Demand of the carbon in its different forms is measured in million metric tons and market is estimated to amount of several billions of Euros. Carbon materials have good chemical stability and environmental adaptability, what makes them applicable in various areas, like water treatment and purification; gas purification and separation; adsorbents for pollutants removal; catalyst support; electrodes for batteries and supercapacitors.

Biomass is considered more and more as green source for carbon nanostructured materials and very active research is going on to use biomass-derived porous carbon as the electrode material in the field of electrochemistry, as well as in the field of catalysis as supports for catalysts and even catalysts itself. The main reason beside chemical and thermal stability and good conductivity is in their well-defined and uniform structures with specific surface area, pore structure and pore size what can be tuned according to needs of particular application [1].  

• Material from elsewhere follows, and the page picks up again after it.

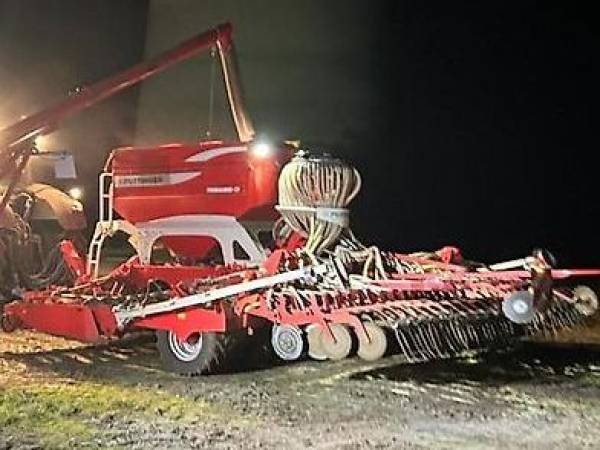 Посівний комплекс Pottinger Terrasem C6 (2015)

Lignin being the most abundant natural source of aromatics is considered valuable resource to build new chemicals and materials - resins and polymers particularly, and its phenolic nature makes it potential replacements for phenol/resorcinol in a multitude of industrial operations. In many studies phenolic resins and resorcinol aerogels are mainly considered as a useful source for porous carbon material [2] and here despite that lignin’s are less reactive towards addition/substitution reactions due to the lack of reactive sites, the phenol replacement with lignin would give very high economy.  

Our studies show that organosolve lignin extraction process gives material that has good reactivity to form gel with formaldehyde (FA), and it was possible to produce from aspen, pine, and barley lignins with the small addition of 5-methyl resorcinol (5-MR) (25% to 15%) organic aerogels with relatively high surface area from 350 to 450 m²/g.  Additional pre-treatment of the precursor lignin with NaOH allows increase the solubility of the lignin and this way enhance gelation process. Also, it was demonstrated that nanocellulose, what is side product in this kind of lignin separation can be used for composite aerogels.  The obtained lignin-based organic aerogels were further used as raw material for porous carbon aerogels with remarkable structural parameters [3].

Keywords

Biomass, lignin, aerogel; carbon. 

Acknowledgement

This study was supported by ERDF and Estonian Research Council via project RESTA11; also, by COST Action “Advanced Engineering and Research on AeroGels for Environment and Life Sciences” (AERoGELS, ref. CA18125) funded by the European Commission.

References

1. P. Jõul, M. Vaher, M. Kuhtinskaja, Anal. Methods 2021, 13.
2. F. Pérez-Caballero, A.L. Peikolainen, M. Uibo, R. Kuusik, O. Volobujeva, M. Koel, Microporous Mesoporous Mater., 2008, 108.
3. P. Jõul, T. T. Ho, U. Kallavus, A. Konist, K. Leiman, O.S. Salm, M. Kulp, M. Koel, T. Lukk, Materials, 2022, 15, 8.

Biography

FRSC Mihkel Koel graduated Tartu State University (1967-1972) on specialty of physics. After postgraduate studies at Institute of Chemistry of Estonian Academy of Sciences, he defended the candidate’s dissertation (PhD) in analytical chemistry at Leningrad State University (now St. Petersburg, Russia) in 1989.

He had long term scientific visits to Duke University and Los Alamos National Laboratory (USA), Helsinki University (Finland), also short-term visits to University of Nottingham (UK).

At the moment he is a lead research scientist at Tallinn University of Technology (Estonia) in Department of Chemistry and Biotechnology. His interests include such area of analytical chemistry as separation science, use of neoteric solvents, and green analytical chemistry. He has more than 90 published papers and over 70 presentations on international conferences.